• _The data_:

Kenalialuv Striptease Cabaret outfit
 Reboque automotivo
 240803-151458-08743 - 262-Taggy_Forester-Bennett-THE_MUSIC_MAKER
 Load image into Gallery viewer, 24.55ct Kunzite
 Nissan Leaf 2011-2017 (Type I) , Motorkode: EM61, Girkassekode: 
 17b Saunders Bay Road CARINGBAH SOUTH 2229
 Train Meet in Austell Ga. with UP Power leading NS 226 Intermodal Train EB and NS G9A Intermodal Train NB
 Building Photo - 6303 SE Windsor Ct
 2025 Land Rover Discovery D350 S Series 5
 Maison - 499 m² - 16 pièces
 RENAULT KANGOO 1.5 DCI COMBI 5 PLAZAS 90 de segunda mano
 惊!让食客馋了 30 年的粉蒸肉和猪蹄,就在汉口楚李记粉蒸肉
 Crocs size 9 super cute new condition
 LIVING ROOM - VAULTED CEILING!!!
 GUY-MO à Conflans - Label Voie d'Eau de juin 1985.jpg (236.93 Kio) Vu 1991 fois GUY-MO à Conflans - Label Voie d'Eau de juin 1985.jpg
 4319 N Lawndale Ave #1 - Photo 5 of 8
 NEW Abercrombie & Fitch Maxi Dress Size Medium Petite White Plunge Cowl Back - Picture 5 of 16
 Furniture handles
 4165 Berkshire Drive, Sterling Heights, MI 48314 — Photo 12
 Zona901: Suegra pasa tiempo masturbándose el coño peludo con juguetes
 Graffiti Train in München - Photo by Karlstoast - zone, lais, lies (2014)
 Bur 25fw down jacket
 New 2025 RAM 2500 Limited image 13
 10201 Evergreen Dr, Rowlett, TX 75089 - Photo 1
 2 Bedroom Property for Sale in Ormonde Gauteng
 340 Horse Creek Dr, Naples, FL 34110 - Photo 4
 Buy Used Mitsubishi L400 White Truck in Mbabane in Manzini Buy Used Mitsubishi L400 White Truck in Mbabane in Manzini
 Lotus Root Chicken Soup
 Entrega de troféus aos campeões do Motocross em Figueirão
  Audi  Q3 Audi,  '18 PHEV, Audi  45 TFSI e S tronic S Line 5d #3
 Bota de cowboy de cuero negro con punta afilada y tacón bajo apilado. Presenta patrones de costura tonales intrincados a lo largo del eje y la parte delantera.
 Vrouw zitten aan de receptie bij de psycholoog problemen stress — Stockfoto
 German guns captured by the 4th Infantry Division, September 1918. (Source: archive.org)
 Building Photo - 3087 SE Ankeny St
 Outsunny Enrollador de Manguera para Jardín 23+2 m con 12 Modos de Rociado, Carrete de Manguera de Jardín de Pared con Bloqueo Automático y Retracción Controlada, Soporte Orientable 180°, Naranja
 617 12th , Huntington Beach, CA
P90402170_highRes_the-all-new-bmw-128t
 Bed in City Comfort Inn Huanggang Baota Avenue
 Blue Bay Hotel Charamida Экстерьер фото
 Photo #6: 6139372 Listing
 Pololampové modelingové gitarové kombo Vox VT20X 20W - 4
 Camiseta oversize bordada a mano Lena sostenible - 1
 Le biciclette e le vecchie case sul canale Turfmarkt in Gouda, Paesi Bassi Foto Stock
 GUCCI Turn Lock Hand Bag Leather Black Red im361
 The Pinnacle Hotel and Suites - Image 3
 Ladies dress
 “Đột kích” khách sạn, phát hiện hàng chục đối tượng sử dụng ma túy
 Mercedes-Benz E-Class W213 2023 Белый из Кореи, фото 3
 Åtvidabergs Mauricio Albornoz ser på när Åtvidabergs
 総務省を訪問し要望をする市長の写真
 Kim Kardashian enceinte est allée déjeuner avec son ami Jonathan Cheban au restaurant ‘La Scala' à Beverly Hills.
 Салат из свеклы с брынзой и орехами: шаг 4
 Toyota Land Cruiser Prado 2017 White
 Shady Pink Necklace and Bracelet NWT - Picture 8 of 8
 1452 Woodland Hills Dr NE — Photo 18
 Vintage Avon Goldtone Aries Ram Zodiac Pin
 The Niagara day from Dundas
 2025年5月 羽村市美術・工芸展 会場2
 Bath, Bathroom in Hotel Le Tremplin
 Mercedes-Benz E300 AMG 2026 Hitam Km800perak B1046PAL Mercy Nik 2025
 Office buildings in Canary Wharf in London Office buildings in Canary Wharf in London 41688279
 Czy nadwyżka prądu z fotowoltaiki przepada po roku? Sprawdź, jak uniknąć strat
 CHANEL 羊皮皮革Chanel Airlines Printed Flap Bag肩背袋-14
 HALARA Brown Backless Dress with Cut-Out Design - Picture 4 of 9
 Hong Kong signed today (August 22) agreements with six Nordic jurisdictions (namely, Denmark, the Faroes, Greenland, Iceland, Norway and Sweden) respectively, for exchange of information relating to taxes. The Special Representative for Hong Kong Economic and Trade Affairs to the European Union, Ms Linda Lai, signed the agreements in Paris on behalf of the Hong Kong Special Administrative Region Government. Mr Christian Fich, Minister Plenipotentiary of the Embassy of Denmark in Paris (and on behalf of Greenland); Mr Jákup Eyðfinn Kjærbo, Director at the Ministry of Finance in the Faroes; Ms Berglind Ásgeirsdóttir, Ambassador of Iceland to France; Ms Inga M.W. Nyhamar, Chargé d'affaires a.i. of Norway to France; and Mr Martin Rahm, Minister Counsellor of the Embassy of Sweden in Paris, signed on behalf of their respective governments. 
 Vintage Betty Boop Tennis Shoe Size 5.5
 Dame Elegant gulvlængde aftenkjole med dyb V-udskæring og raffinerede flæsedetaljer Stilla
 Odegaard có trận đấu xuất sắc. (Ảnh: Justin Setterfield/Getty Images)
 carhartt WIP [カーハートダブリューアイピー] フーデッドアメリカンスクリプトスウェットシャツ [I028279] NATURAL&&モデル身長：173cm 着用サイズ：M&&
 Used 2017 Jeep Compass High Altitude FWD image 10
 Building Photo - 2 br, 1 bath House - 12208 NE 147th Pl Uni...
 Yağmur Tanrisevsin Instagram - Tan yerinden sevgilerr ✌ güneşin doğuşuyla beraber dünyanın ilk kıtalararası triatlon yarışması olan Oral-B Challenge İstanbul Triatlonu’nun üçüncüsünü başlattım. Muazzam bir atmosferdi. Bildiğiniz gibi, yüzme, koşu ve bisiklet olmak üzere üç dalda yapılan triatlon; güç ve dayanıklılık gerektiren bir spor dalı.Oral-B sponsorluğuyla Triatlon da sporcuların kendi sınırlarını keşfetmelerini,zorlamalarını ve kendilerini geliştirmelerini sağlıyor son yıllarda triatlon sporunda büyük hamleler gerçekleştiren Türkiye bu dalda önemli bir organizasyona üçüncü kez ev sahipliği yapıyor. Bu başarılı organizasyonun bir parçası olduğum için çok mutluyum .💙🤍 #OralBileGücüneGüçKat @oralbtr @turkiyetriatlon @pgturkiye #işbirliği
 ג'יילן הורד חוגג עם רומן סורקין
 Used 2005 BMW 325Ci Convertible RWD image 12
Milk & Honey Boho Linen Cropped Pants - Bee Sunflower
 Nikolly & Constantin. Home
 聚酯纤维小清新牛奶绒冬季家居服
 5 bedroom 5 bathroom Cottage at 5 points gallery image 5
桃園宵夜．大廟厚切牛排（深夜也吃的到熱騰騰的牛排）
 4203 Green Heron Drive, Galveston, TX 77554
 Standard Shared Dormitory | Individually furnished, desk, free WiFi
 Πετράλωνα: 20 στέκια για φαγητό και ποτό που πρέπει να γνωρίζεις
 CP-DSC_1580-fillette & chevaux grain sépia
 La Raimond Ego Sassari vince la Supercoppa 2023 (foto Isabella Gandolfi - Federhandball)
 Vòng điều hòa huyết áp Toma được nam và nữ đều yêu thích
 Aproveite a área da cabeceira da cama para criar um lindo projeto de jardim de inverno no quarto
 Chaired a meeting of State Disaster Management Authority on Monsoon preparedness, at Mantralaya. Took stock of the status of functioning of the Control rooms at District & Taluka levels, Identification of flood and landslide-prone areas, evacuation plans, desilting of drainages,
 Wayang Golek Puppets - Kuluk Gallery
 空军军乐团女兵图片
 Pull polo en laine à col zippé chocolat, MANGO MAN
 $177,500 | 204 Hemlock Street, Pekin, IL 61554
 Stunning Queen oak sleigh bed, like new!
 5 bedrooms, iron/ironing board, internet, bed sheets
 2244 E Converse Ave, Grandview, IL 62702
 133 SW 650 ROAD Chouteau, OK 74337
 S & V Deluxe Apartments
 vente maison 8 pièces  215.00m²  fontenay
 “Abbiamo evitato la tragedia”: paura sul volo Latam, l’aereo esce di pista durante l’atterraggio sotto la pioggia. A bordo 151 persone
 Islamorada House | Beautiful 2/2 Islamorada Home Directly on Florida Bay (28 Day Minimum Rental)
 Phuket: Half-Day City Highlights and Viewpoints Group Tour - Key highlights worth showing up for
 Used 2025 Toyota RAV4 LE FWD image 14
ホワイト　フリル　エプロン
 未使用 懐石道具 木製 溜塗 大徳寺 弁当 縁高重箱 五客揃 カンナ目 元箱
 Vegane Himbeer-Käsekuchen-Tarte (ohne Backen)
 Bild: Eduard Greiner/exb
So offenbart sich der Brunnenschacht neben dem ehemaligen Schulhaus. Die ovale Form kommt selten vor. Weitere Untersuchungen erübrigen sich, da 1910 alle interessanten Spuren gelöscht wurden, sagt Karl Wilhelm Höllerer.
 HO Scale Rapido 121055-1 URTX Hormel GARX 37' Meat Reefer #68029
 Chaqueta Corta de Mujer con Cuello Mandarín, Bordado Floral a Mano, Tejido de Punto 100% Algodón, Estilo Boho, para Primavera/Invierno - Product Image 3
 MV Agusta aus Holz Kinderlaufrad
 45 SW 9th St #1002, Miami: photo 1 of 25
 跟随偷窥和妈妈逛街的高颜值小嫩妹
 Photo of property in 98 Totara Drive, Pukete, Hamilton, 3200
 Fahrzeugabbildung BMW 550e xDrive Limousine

• _What the task asks_: Find the word "Hills" in the entries above, then copy each line that holds it.

• _Answer_:
 Kim Kardashian enceinte est allée déjeuner avec son ami Jonathan Cheban au restaurant ‘La Scala' à Beverly Hills.
 1452 Woodland Hills Dr NE — Photo 18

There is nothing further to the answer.